Go through the lines below and retype each one exactly.

Items listed in a dataset:
◆ ◆ ◆ ◆

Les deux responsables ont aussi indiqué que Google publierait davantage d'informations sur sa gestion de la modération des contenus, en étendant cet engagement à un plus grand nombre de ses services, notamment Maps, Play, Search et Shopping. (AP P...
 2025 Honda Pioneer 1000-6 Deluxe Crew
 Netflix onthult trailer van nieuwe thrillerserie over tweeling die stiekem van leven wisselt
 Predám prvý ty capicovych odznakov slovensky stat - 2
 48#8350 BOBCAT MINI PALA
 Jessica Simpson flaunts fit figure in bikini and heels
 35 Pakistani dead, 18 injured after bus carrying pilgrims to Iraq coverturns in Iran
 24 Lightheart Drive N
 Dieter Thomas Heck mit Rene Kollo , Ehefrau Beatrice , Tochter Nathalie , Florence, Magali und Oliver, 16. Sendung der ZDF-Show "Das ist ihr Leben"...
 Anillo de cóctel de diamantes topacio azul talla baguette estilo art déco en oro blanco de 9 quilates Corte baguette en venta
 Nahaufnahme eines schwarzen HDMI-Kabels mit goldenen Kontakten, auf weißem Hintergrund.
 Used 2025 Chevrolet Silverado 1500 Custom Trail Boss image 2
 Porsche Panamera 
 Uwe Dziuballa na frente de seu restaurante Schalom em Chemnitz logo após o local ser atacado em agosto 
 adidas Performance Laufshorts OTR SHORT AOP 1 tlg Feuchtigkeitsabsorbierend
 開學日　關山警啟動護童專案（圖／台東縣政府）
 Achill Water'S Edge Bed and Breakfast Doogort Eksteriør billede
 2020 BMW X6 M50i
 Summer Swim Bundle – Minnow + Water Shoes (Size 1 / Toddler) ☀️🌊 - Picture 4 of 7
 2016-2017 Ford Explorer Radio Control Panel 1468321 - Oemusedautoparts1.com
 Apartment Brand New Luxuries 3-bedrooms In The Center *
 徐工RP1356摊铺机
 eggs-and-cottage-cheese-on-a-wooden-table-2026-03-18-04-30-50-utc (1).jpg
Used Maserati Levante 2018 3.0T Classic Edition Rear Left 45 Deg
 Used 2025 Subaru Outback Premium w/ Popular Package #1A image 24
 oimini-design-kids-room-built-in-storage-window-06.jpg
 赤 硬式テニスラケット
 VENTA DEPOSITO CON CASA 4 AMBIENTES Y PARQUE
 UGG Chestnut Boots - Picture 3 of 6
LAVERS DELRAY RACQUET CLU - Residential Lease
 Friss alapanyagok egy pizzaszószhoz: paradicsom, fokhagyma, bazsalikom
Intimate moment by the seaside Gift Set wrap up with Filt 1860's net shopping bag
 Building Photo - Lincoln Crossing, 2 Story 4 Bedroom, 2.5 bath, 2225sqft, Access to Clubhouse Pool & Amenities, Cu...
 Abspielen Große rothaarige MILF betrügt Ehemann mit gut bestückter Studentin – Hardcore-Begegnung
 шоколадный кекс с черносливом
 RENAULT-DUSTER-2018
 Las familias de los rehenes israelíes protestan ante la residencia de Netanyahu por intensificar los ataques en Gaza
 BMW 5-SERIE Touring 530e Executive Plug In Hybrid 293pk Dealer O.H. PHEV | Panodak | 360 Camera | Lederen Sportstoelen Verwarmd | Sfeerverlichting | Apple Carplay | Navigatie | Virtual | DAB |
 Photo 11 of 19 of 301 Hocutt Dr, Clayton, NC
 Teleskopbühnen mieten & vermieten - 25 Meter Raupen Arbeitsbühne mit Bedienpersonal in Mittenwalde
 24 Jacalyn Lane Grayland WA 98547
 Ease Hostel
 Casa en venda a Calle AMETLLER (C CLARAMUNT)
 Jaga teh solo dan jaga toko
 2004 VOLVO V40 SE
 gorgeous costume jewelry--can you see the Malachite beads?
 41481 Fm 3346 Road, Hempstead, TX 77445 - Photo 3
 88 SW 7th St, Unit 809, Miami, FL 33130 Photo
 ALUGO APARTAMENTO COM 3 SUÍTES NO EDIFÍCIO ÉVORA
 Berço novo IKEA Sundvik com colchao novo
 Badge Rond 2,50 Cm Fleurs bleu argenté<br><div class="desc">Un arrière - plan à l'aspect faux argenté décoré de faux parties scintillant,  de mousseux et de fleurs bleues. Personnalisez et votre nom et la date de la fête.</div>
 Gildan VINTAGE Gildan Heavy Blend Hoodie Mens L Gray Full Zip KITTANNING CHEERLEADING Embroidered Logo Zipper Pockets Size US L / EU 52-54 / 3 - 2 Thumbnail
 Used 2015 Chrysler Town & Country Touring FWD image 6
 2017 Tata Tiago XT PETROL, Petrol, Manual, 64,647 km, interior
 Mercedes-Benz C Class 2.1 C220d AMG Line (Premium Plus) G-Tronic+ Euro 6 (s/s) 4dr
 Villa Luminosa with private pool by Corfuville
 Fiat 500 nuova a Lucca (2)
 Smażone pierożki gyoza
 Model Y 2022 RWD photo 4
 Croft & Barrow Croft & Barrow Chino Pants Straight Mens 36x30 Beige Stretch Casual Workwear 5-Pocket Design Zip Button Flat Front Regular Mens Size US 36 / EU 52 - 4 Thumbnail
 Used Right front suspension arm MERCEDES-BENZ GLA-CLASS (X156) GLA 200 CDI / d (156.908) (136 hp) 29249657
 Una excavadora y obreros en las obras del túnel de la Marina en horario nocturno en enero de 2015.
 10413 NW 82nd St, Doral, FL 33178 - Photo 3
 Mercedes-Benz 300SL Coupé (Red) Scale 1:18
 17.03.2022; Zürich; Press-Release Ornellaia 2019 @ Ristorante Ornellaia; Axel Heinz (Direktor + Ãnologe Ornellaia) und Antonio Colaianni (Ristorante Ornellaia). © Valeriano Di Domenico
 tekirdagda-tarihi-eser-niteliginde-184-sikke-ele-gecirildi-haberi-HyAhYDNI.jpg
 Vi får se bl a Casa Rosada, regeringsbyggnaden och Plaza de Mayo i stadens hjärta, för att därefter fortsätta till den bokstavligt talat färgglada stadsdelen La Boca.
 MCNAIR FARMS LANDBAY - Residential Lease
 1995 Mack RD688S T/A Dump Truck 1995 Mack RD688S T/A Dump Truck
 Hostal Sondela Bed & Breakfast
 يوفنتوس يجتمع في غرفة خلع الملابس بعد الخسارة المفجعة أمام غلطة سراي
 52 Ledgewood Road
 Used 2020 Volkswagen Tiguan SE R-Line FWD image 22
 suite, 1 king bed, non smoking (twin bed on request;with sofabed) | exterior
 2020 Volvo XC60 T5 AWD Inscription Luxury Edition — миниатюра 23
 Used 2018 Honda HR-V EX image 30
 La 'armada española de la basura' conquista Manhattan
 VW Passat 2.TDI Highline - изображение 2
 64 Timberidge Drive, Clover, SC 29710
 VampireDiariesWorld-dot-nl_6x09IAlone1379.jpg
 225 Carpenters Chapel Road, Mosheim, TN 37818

◆ ◆ ◆ ◆

WRITTEN RESPONSE:
Les deux responsables ont aussi indiqué que Google publierait davantage d'informations sur sa gestion de la modération des contenus, en étendant cet engagement à un plus grand nombre de ses services, notamment Maps, Play, Search et Shopping. (AP P...
 2025 Honda Pioneer 1000-6 Deluxe Crew
 Netflix onthult trailer van nieuwe thrillerserie over tweeling die stiekem van leven wisselt
 Predám prvý ty capicovych odznakov slovensky stat - 2
 48#8350 BOBCAT MINI PALA
 Jessica Simpson flaunts fit figure in bikini and heels
 35 Pakistani dead, 18 injured after bus carrying pilgrims to Iraq coverturns in Iran
 24 Lightheart Drive N
 Dieter Thomas Heck mit Rene Kollo , Ehefrau Beatrice , Tochter Nathalie , Florence, Magali und Oliver, 16. Sendung der ZDF-Show "Das ist ihr Leben"...
 Anillo de cóctel de diamantes topacio azul talla baguette estilo art déco en oro blanco de 9 quilates Corte baguette en venta
 Nahaufnahme eines schwarzen HDMI-Kabels mit goldenen Kontakten, auf weißem Hintergrund.
 Used 2025 Chevrolet Silverado 1500 Custom Trail Boss image 2
 Porsche Panamera 
 Uwe Dziuballa na frente de seu restaurante Schalom em Chemnitz logo após o local ser atacado em agosto 
 adidas Performance Laufshorts OTR SHORT AOP 1 tlg Feuchtigkeitsabsorbierend
 開學日　關山警啟動護童專案（圖／台東縣政府）
 Achill Water'S Edge Bed and Breakfast Doogort Eksteriør billede
 2020 BMW X6 M50i
 Summer Swim Bundle – Minnow + Water Shoes (Size 1 / Toddler) ☀️🌊 - Picture 4 of 7
 2016-2017 Ford Explorer Radio Control Panel 1468321 - Oemusedautoparts1.com
 Apartment Brand New Luxuries 3-bedrooms In The Center *
 徐工RP1356摊铺机
 eggs-and-cottage-cheese-on-a-wooden-table-2026-03-18-04-30-50-utc (1).jpg
Used Maserati Levante 2018 3.0T Classic Edition Rear Left 45 Deg
 Used 2025 Subaru Outback Premium w/ Popular Package #1A image 24
 oimini-design-kids-room-built-in-storage-window-06.jpg
 赤 硬式テニスラケット
 VENTA DEPOSITO CON CASA 4 AMBIENTES Y PARQUE
 UGG Chestnut Boots - Picture 3 of 6
LAVERS DELRAY RACQUET CLU - Residential Lease
 Friss alapanyagok egy pizzaszószhoz: paradicsom, fokhagyma, bazsalikom
Intimate moment by the seaside Gift Set wrap up with Filt 1860's net shopping bag
 Building Photo - Lincoln Crossing, 2 Story 4 Bedroom, 2.5 bath, 2225sqft, Access to Clubhouse Pool & Amenities, Cu...
 Abspielen Große rothaarige MILF betrügt Ehemann mit gut bestückter Studentin – Hardcore-Begegnung
 шоколадный кекс с черносливом
 RENAULT-DUSTER-2018
 Las familias de los rehenes israelíes protestan ante la residencia de Netanyahu por intensificar los ataques en Gaza
 BMW 5-SERIE Touring 530e Executive Plug In Hybrid 293pk Dealer O.H. PHEV | Panodak | 360 Camera | Lederen Sportstoelen Verwarmd | Sfeerverlichting | Apple Carplay | Navigatie | Virtual | DAB |
 Photo 11 of 19 of 301 Hocutt Dr, Clayton, NC
 Teleskopbühnen mieten & vermieten - 25 Meter Raupen Arbeitsbühne mit Bedienpersonal in Mittenwalde
 24 Jacalyn Lane Grayland WA 98547
 Ease Hostel
 Casa en venda a Calle AMETLLER (C CLARAMUNT)
 Jaga teh solo dan jaga toko
 2004 VOLVO V40 SE
 gorgeous costume jewelry--can you see the Malachite beads?
 41481 Fm 3346 Road, Hempstead, TX 77445 - Photo 3
 88 SW 7th St, Unit 809, Miami, FL 33130 Photo
 ALUGO APARTAMENTO COM 3 SUÍTES NO EDIFÍCIO ÉVORA
 Berço novo IKEA Sundvik com colchao novo
 Badge Rond 2,50 Cm Fleurs bleu argenté<br><div class="desc">Un arrière - plan à l'aspect faux argenté décoré de faux parties scintillant,  de mousseux et de fleurs bleues. Personnalisez et votre nom et la date de la fête.</div>
 Gildan VINTAGE Gildan Heavy Blend Hoodie Mens L Gray Full Zip KITTANNING CHEERLEADING Embroidered Logo Zipper Pockets Size US L / EU 52-54 / 3 - 2 Thumbnail
 Used 2015 Chrysler Town & Country Touring FWD image 6
 2017 Tata Tiago XT PETROL, Petrol, Manual, 64,647 km, interior
 Mercedes-Benz C Class 2.1 C220d AMG Line (Premium Plus) G-Tronic+ Euro 6 (s/s) 4dr
 Villa Luminosa with private pool by Corfuville
 Fiat 500 nuova a Lucca (2)
 Smażone pierożki gyoza
 Model Y 2022 RWD photo 4
 Croft & Barrow Croft & Barrow Chino Pants Straight Mens 36x30 Beige Stretch Casual Workwear 5-Pocket Design Zip Button Flat Front Regular Mens Size US 36 / EU 52 - 4 Thumbnail
 Used Right front suspension arm MERCEDES-BENZ GLA-CLASS (X156) GLA 200 CDI / d (156.908) (136 hp) 29249657
 Una excavadora y obreros en las obras del túnel de la Marina en horario nocturno en enero de 2015.
 10413 NW 82nd St, Doral, FL 33178 - Photo 3
 Mercedes-Benz 300SL Coupé (Red) Scale 1:18
 17.03.2022; Zürich; Press-Release Ornellaia 2019 @ Ristorante Ornellaia; Axel Heinz (Direktor + Ãnologe Ornellaia) und Antonio Colaianni (Ristorante Ornellaia). © Valeriano Di Domenico
 tekirdagda-tarihi-eser-niteliginde-184-sikke-ele-gecirildi-haberi-HyAhYDNI.jpg
 Vi får se bl a Casa Rosada, regeringsbyggnaden och Plaza de Mayo i stadens hjärta, för att därefter fortsätta till den bokstavligt talat färgglada stadsdelen La Boca.
 MCNAIR FARMS LANDBAY - Residential Lease
 1995 Mack RD688S T/A Dump Truck 1995 Mack RD688S T/A Dump Truck
 Hostal Sondela Bed & Breakfast
 يوفنتوس يجتمع في غرفة خلع الملابس بعد الخسارة المفجعة أمام غلطة سراي
 52 Ledgewood Road
 Used 2020 Volkswagen Tiguan SE R-Line FWD image 22
 suite, 1 king bed, non smoking (twin bed on request;with sofabed) | exterior
 2020 Volvo XC60 T5 AWD Inscription Luxury Edition — миниатюра 23
 Used 2018 Honda HR-V EX image 30
 La 'armada española de la basura' conquista Manhattan
 VW Passat 2.TDI Highline - изображение 2
 64 Timberidge Drive, Clover, SC 29710
 VampireDiariesWorld-dot-nl_6x09IAlone1379.jpg
 225 Carpenters Chapel Road, Mosheim, TN 37818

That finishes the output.